(Image-text web data)
━━━━
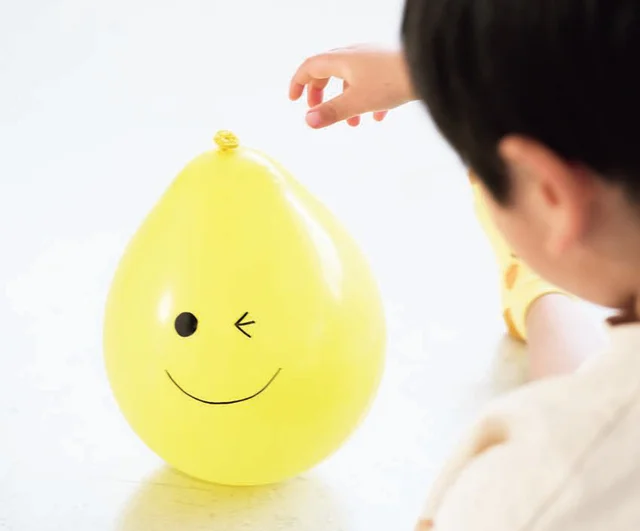 【集中力がつくおうち遊び】0歳から楽しめる！倒しても倒れない「ゆらゆら風船」の作り方
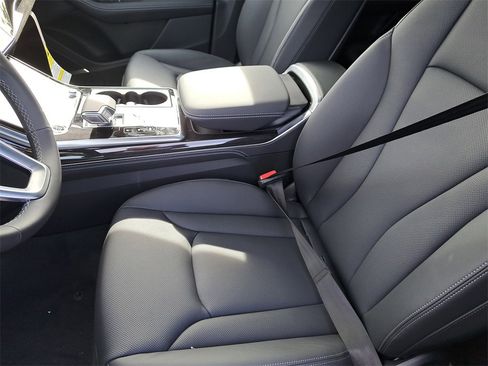 New 2026 Audi Q8 Premium Plus image 18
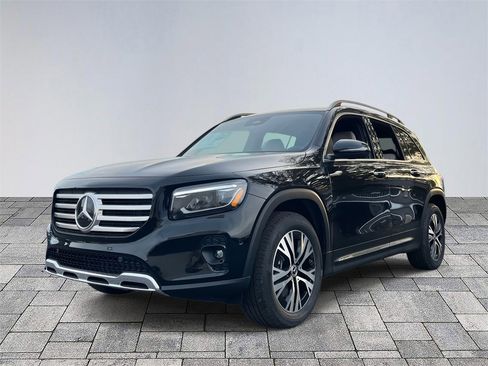 New 2026 Mercedes-Benz GLB 250 4MATIC image 3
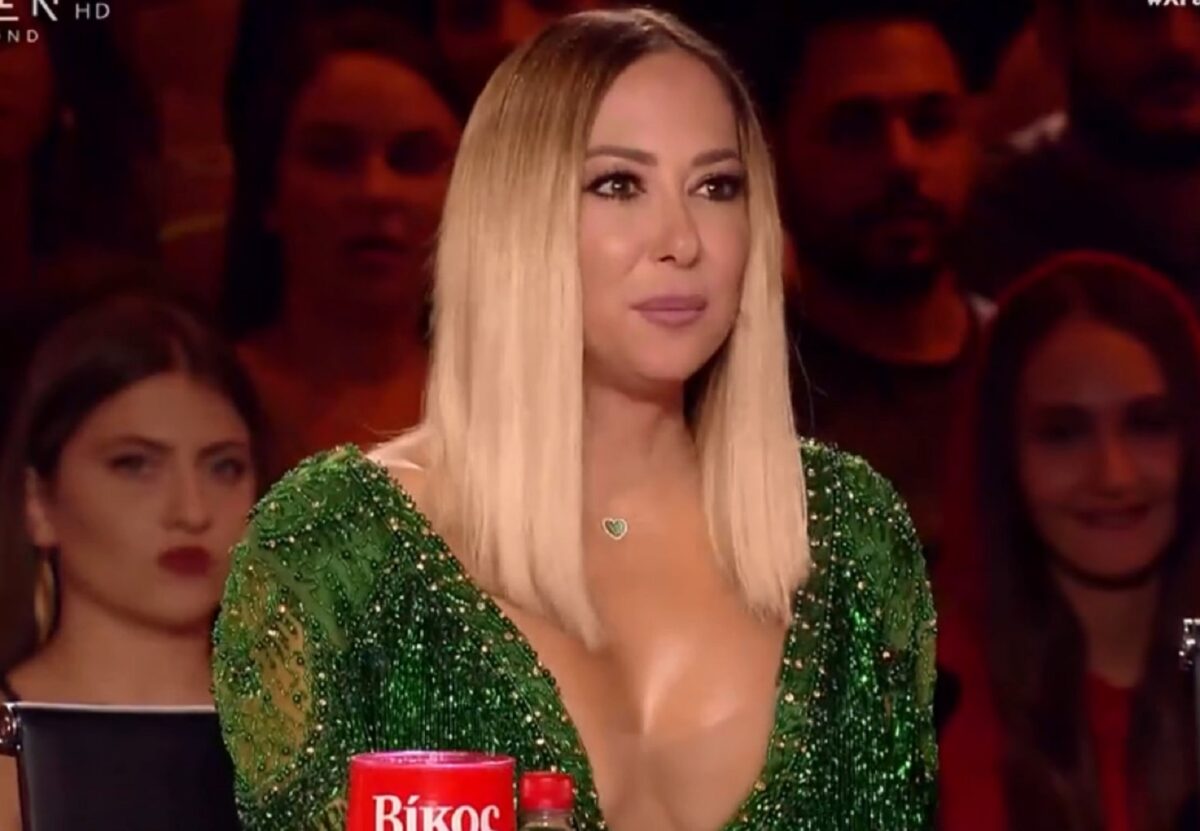 X-Factor: Με αβυσσαλέο ντεκολτέ η Μελίνα Ασλανίδου
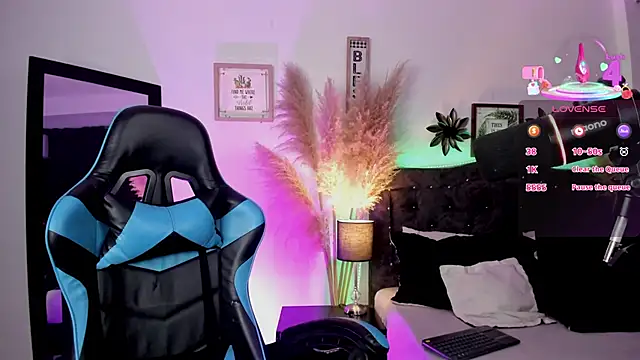 devlin violett online show from March 23, 2:37 am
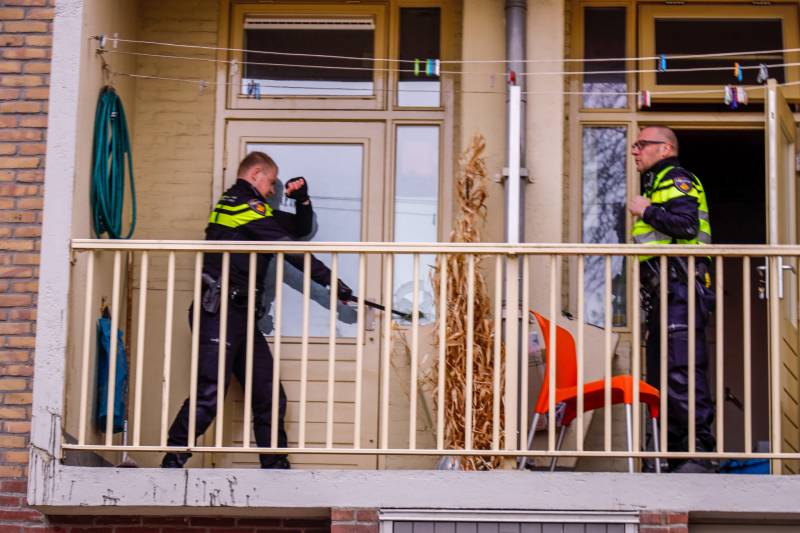 Man gewond na val in woning in Soesterkwartier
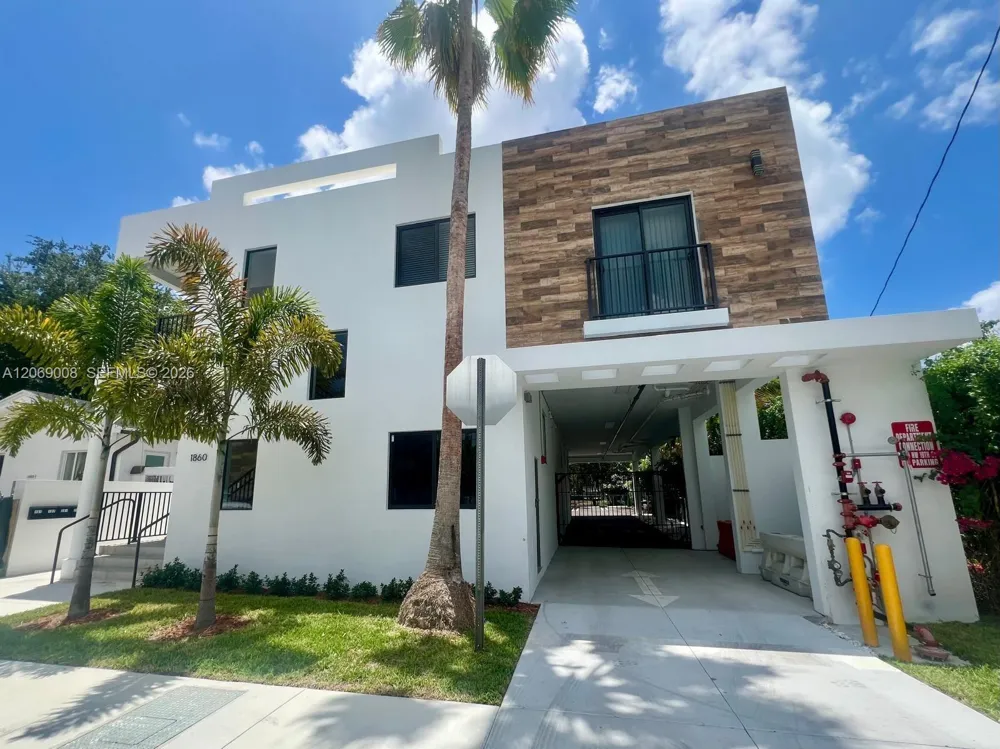 1860 NW 19th St #101 Miami, FL 33125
━━━━
* **HOW TO COMPLETE THIS TASK**:
Omit every picture while printing the data word for word.

* **RESULT OF THE EXERCISE**:
 【集中力がつくおうち遊び】0歳から楽しめる！倒しても倒れない「ゆらゆら風船」の作り方
 New 2026 Audi Q8 Premium Plus image 18
 New 2026 Mercedes-Benz GLB 250 4MATIC image 3
 X-Factor: Με αβυσσαλέο ντεκολτέ η Μελίνα Ασλανίδου
 devlin violett online show from March 23, 2:37 am
 Man gewond na val in woning in Soesterkwartier
 1860 NW 19th St #101 Miami, FL 33125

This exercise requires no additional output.